YOUR OBJECTIVE: Print the records below from the first line through the line containing "Hvězdářská - mapa ulice", both included, word for word.
--- SOURCE MATERIAL ---
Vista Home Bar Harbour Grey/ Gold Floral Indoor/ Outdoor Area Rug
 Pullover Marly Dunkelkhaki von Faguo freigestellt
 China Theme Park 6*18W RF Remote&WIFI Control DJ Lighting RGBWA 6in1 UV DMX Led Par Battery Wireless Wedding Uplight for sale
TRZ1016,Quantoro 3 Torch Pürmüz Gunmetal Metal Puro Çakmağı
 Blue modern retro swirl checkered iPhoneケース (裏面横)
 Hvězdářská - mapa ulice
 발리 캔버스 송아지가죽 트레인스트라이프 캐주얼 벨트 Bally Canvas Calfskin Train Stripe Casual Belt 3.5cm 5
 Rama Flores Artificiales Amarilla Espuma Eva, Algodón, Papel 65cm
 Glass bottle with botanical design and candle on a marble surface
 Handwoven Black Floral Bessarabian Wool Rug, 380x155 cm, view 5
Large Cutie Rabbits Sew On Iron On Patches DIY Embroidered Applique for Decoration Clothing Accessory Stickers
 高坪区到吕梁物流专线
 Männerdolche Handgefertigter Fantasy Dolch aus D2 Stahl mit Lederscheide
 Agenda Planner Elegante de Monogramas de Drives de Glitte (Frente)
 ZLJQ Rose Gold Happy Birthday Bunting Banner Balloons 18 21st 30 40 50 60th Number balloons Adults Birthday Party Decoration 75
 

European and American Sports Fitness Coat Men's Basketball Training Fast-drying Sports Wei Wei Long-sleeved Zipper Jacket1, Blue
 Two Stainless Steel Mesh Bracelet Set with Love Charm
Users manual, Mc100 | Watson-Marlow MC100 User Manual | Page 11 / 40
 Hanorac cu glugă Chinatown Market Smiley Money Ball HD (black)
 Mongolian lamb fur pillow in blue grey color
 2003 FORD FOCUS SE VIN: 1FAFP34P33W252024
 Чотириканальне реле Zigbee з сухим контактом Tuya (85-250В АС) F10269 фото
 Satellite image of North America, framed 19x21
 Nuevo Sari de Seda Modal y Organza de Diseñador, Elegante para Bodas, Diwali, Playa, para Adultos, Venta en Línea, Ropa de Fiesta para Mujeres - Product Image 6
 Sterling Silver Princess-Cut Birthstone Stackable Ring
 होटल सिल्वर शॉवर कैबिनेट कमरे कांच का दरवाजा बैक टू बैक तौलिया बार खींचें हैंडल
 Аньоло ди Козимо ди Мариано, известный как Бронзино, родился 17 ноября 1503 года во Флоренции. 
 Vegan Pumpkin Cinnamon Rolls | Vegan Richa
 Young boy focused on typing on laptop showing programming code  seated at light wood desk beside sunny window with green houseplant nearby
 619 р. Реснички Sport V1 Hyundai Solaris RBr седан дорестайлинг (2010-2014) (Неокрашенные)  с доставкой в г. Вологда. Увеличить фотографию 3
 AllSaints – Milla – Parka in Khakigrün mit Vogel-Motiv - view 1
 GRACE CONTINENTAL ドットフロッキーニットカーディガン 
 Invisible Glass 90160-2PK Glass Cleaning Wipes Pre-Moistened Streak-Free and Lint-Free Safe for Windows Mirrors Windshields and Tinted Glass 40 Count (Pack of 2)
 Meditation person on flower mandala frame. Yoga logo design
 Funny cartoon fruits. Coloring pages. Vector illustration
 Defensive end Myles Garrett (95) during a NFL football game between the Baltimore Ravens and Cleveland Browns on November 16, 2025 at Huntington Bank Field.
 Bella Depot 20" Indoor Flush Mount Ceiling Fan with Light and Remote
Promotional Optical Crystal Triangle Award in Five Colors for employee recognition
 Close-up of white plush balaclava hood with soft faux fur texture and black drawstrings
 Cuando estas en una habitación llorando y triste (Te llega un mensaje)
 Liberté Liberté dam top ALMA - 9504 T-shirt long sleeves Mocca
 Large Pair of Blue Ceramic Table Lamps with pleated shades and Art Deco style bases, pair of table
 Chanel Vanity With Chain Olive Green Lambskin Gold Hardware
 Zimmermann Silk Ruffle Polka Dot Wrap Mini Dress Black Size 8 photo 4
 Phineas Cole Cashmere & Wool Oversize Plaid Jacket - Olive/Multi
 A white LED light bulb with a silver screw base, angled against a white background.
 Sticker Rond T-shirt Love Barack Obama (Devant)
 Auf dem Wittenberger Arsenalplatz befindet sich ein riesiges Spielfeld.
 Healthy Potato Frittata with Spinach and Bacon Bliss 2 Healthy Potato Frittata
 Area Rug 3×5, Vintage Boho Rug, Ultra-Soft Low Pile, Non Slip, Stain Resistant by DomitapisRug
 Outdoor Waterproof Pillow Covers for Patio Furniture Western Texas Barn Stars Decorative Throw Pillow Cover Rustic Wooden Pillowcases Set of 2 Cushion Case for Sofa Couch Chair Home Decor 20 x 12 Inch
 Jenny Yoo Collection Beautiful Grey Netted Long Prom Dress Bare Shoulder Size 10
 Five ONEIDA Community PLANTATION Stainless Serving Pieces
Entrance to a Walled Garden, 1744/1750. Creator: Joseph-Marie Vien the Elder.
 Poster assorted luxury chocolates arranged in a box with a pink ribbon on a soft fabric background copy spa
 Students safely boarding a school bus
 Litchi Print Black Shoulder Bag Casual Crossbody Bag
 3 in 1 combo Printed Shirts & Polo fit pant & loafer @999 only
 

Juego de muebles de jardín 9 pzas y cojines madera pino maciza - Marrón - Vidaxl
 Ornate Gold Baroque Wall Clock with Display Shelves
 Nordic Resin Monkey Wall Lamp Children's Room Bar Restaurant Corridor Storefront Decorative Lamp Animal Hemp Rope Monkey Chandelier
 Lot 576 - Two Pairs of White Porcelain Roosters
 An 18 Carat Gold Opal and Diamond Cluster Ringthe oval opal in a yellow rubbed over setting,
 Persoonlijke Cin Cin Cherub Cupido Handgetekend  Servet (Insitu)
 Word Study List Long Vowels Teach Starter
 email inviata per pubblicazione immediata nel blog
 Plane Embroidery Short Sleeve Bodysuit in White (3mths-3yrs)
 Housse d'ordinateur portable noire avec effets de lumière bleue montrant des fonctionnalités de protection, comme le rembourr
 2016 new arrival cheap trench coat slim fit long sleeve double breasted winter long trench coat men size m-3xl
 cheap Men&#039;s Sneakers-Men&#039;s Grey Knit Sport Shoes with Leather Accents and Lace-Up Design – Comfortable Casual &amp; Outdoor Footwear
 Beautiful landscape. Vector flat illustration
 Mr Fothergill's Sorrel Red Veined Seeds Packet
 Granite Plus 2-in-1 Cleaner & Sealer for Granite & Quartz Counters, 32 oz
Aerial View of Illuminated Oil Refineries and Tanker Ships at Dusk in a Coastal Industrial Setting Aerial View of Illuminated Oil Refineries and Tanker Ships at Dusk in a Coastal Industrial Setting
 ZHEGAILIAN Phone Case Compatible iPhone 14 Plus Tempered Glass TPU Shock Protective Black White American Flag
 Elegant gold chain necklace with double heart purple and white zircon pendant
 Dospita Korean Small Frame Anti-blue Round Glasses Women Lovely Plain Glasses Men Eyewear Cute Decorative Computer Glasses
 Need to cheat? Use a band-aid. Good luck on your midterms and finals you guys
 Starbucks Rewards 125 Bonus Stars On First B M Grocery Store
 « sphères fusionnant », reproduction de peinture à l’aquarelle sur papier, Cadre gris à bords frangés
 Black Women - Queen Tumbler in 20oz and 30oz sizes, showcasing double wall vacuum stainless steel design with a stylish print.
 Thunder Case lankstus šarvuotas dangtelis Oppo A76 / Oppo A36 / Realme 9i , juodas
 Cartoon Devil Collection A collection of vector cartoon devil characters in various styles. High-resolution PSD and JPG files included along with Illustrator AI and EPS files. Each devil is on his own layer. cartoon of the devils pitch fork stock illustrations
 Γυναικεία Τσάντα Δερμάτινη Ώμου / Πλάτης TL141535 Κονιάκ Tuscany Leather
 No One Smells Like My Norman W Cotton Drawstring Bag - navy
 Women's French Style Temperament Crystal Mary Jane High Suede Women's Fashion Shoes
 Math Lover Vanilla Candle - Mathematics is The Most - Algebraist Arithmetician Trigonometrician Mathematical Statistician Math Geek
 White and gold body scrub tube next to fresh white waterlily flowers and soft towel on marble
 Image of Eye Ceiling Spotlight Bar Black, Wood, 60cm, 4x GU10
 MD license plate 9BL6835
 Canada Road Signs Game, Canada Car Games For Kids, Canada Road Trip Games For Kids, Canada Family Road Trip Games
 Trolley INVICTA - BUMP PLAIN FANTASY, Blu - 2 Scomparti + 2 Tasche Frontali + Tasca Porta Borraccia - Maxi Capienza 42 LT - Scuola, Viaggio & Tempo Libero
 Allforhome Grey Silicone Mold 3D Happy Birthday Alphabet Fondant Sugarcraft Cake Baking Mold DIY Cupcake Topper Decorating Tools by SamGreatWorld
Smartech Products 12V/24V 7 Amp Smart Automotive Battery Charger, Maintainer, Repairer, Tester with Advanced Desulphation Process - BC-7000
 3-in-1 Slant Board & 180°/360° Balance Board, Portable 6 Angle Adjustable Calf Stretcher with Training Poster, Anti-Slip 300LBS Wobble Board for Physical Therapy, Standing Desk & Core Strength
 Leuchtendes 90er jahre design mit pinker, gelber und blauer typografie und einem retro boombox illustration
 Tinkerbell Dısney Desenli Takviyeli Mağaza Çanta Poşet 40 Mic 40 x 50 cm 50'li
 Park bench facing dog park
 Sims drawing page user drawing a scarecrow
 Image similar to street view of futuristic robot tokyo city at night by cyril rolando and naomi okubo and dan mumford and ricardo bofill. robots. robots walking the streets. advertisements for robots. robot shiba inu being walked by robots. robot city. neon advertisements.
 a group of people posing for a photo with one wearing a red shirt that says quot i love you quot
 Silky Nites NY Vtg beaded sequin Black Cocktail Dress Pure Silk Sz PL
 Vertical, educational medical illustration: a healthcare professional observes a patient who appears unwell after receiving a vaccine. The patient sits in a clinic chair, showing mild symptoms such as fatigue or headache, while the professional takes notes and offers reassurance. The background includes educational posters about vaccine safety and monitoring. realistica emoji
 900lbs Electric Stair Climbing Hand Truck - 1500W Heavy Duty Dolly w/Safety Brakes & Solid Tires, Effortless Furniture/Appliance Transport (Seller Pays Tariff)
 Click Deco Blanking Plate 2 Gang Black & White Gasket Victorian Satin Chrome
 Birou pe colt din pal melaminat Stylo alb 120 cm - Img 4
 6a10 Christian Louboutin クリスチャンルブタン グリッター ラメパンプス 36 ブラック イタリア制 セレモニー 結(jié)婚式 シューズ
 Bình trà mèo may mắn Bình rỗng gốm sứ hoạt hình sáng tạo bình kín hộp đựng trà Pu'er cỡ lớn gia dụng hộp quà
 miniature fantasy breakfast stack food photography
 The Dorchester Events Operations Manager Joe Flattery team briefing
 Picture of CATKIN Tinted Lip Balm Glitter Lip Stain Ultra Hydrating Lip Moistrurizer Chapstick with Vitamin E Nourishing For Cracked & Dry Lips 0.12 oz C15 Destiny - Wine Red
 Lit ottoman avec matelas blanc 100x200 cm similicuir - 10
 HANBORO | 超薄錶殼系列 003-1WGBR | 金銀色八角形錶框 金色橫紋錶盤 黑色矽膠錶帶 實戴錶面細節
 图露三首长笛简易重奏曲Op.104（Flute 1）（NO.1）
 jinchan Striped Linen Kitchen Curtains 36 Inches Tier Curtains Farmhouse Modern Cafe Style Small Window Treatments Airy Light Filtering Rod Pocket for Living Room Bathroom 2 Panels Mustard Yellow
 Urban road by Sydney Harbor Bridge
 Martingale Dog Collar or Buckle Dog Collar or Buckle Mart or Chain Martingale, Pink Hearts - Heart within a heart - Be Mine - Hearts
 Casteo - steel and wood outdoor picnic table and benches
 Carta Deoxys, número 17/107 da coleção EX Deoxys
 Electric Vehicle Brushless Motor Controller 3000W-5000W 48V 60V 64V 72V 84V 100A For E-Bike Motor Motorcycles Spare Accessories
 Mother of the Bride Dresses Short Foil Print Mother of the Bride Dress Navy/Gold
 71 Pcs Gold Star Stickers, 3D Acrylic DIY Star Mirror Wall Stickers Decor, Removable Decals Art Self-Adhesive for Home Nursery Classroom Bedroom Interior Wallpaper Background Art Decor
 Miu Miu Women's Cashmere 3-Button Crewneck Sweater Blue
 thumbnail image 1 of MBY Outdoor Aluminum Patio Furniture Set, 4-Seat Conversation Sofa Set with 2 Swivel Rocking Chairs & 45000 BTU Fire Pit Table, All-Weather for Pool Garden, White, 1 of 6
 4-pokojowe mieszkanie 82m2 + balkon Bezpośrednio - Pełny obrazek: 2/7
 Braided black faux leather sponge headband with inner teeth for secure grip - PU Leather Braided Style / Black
---
PROBLEM SOLUTION:
Vista Home Bar Harbour Grey/ Gold Floral Indoor/ Outdoor Area Rug
 Pullover Marly Dunkelkhaki von Faguo freigestellt
 China Theme Park 6*18W RF Remote&WIFI Control DJ Lighting RGBWA 6in1 UV DMX Led Par Battery Wireless Wedding Uplight for sale
TRZ1016,Quantoro 3 Torch Pürmüz Gunmetal Metal Puro Çakmağı
 Blue modern retro swirl checkered iPhoneケース (裏面横)
 Hvězdářská - mapa ulice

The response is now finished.